+++ INPUT FOR THIS TASK +++
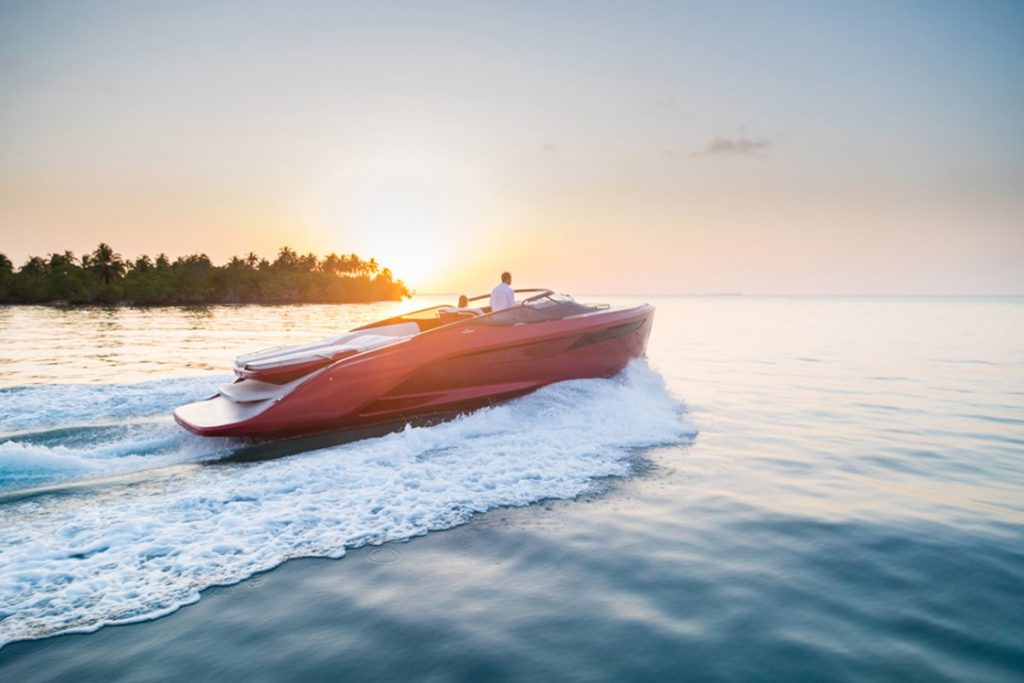 Princess Yachts R35 running in the ocean with sunsent in the background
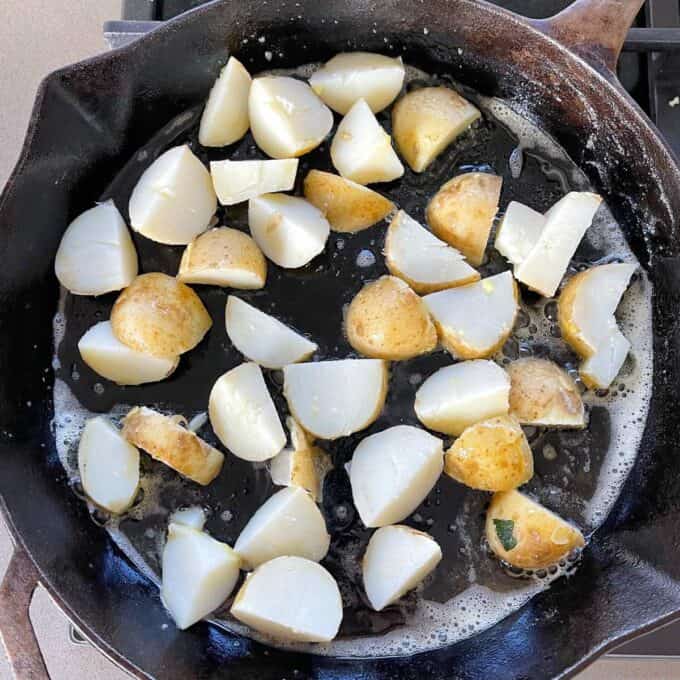 Cubed boiled potatoes frying in a round deep skillet pan in butter.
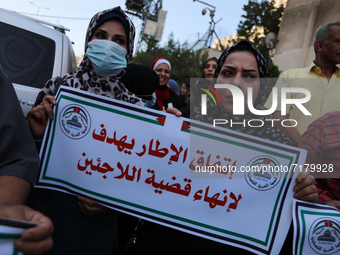Palestinians take part in a protest against the United States and UNRWA signing a Framework for Cooperation in front of the headquarters Uni...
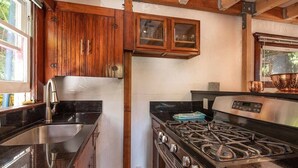 A kitchen with wooden cabinets, a stainless steel sink, and a gas stove.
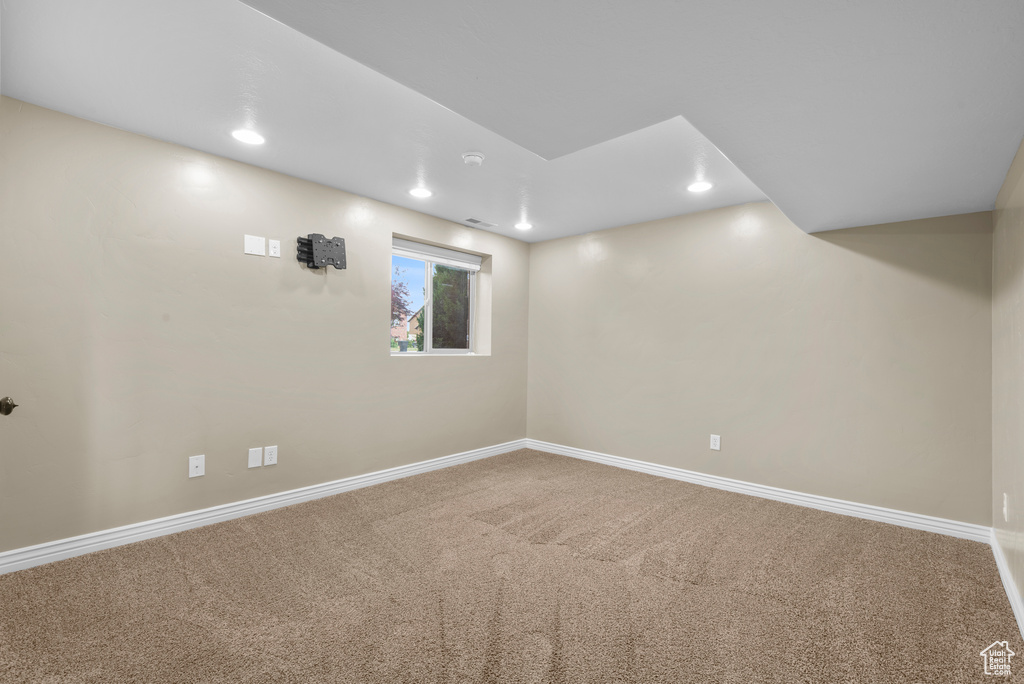 Basement featuring carpet flooring, baseboards, and recessed lighting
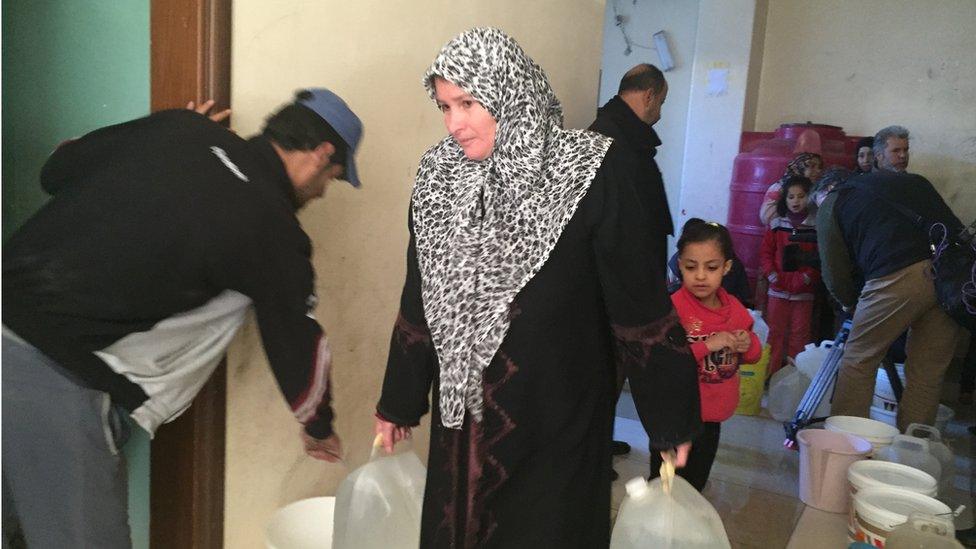 Woman carrying large bottles of water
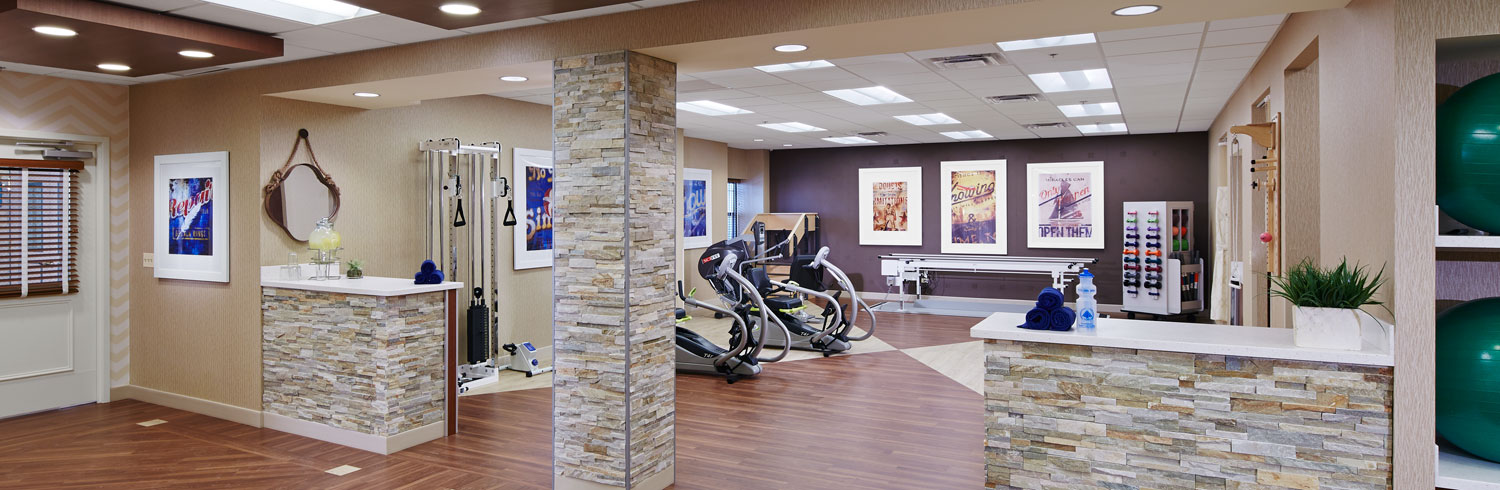 Modern exercise studio with equipment and decorative elements.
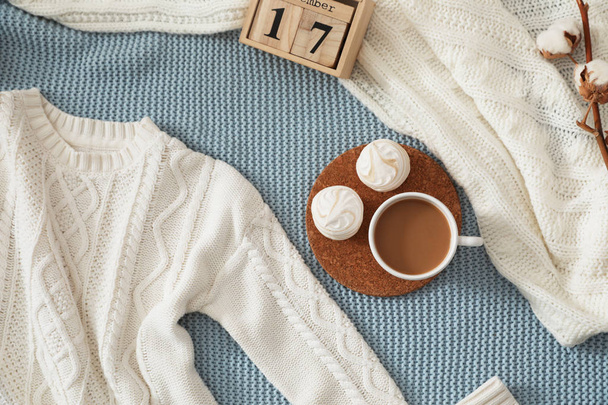 Flat lay composition with cozy knitted sweater on blanket - Photo, Image
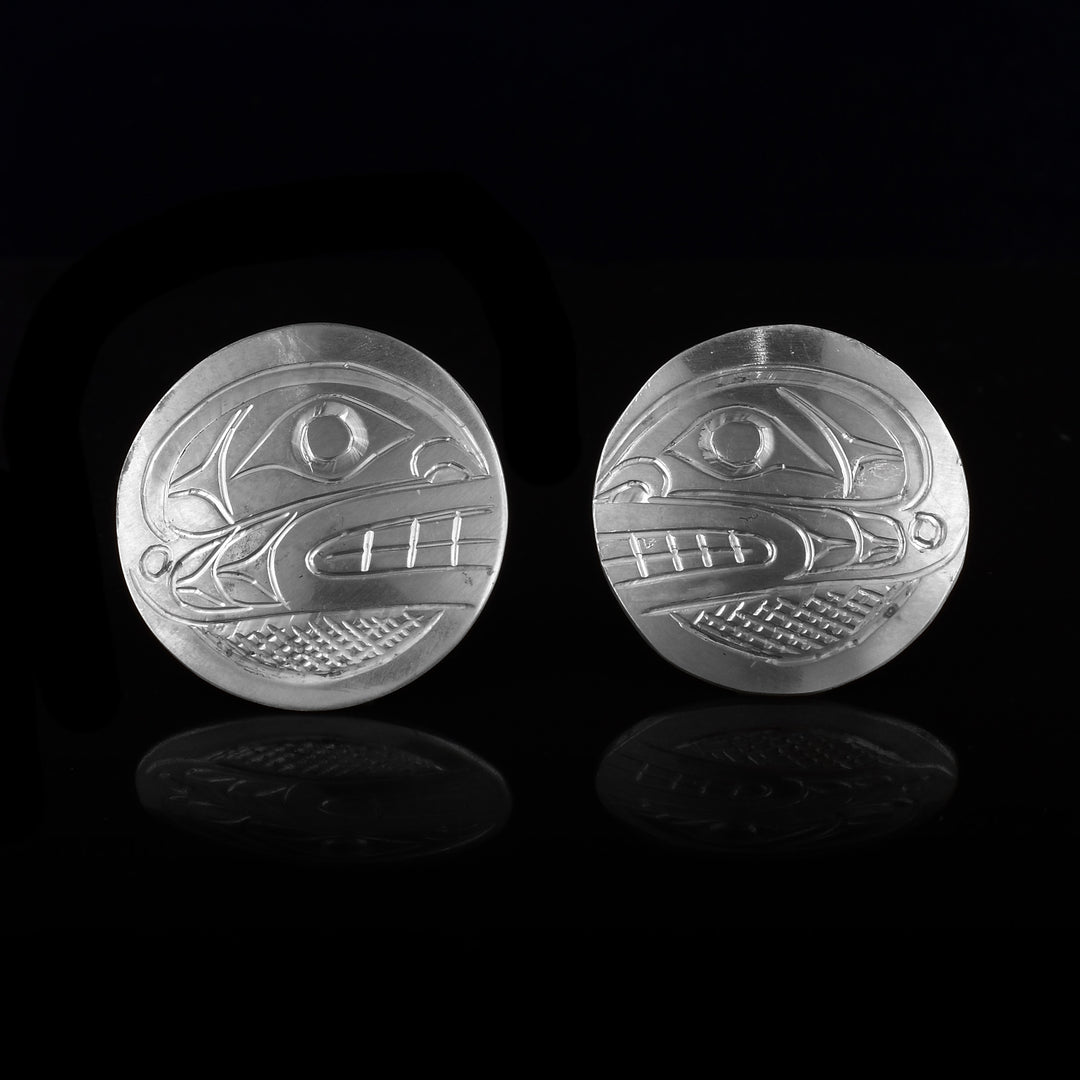 These Orca stud earrings are made from sterling silver and are circle shaped. There are carvings of the side profile of the head of the Orca legend made into the surface of the pieces. In the space behind the Orca head, there are cross hatching patterns.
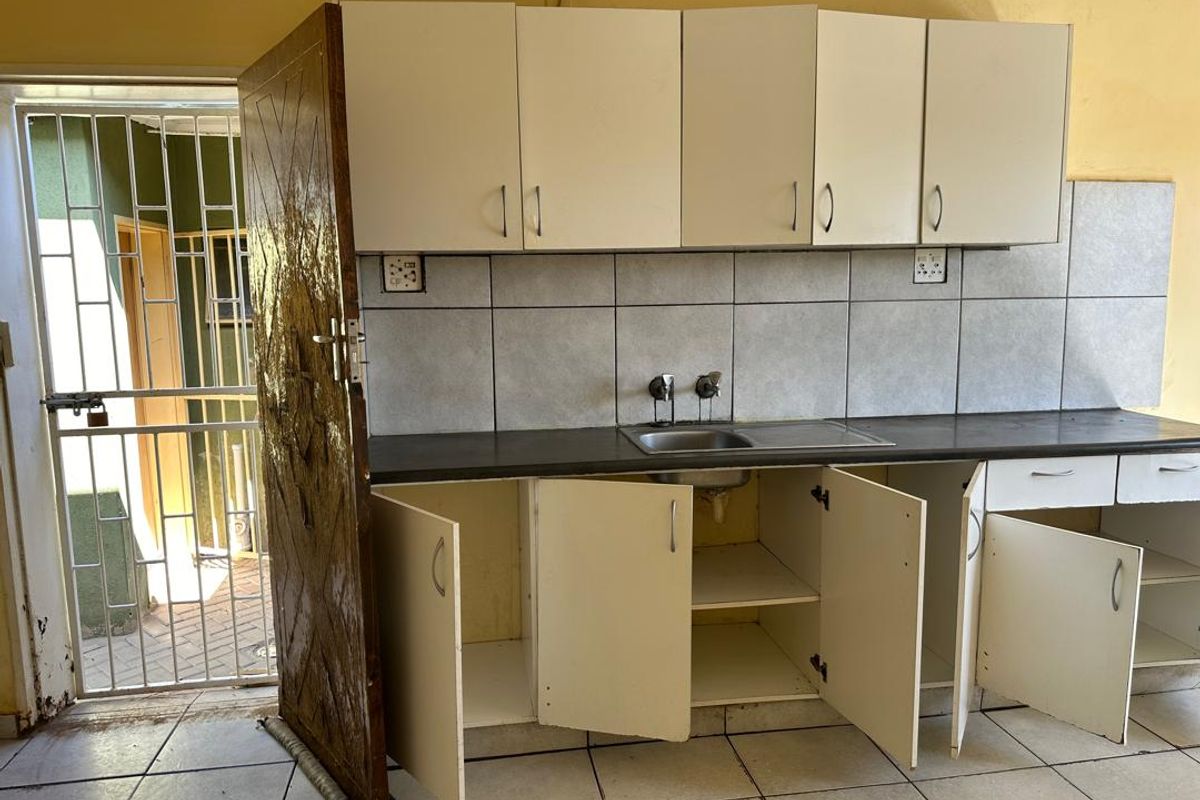 A dated kitchen area featuring basic built-in cabinetry, a stainless steel sink, and tiled backsplash, requiring renovation to modernize the space.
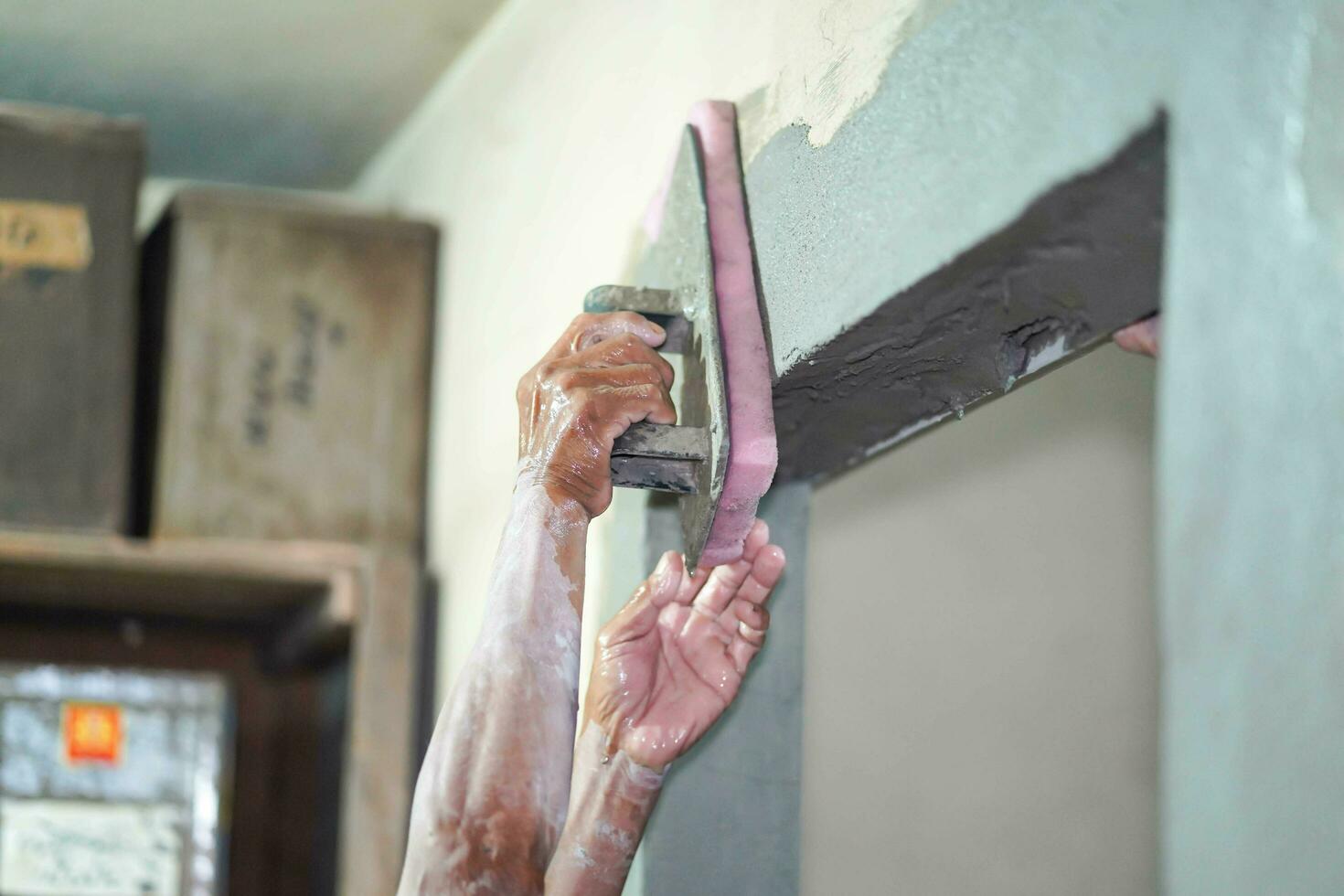 Nahansicht Hände von Baumeister halten Granatwerfer schwenken und Schwamm Verputzen Wände mit Zement im Konstruktion Seite? ˅. mit ein Schwamm zu Gips auf das Mauer hilft zu glatt das verputzt Bereich. Mehr schön foto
+++
→ TO DO
Give again, word for word, every line from the top of the entries above to the line holding "These Orca stud", both included. Leave the pictures out.

→ RESULT
 Princess Yachts R35 running in the ocean with sunsent in the background
 Cubed boiled potatoes frying in a round deep skillet pan in butter.
Palestinians take part in a protest against the United States and UNRWA signing a Framework for Cooperation in front of the headquarters Uni...
 A kitchen with wooden cabinets, a stainless steel sink, and a gas stove.
 Basement featuring carpet flooring, baseboards, and recessed lighting
 Woman carrying large bottles of water
 Modern exercise studio with equipment and decorative elements.
 Flat lay composition with cozy knitted sweater on blanket - Photo, Image
 These Orca stud earrings are made from sterling silver and are circle shaped. There are carvings of the side profile of the head of the Orca legend made into the surface of the pieces. In the space behind the Orca head, there are cross hatching patterns.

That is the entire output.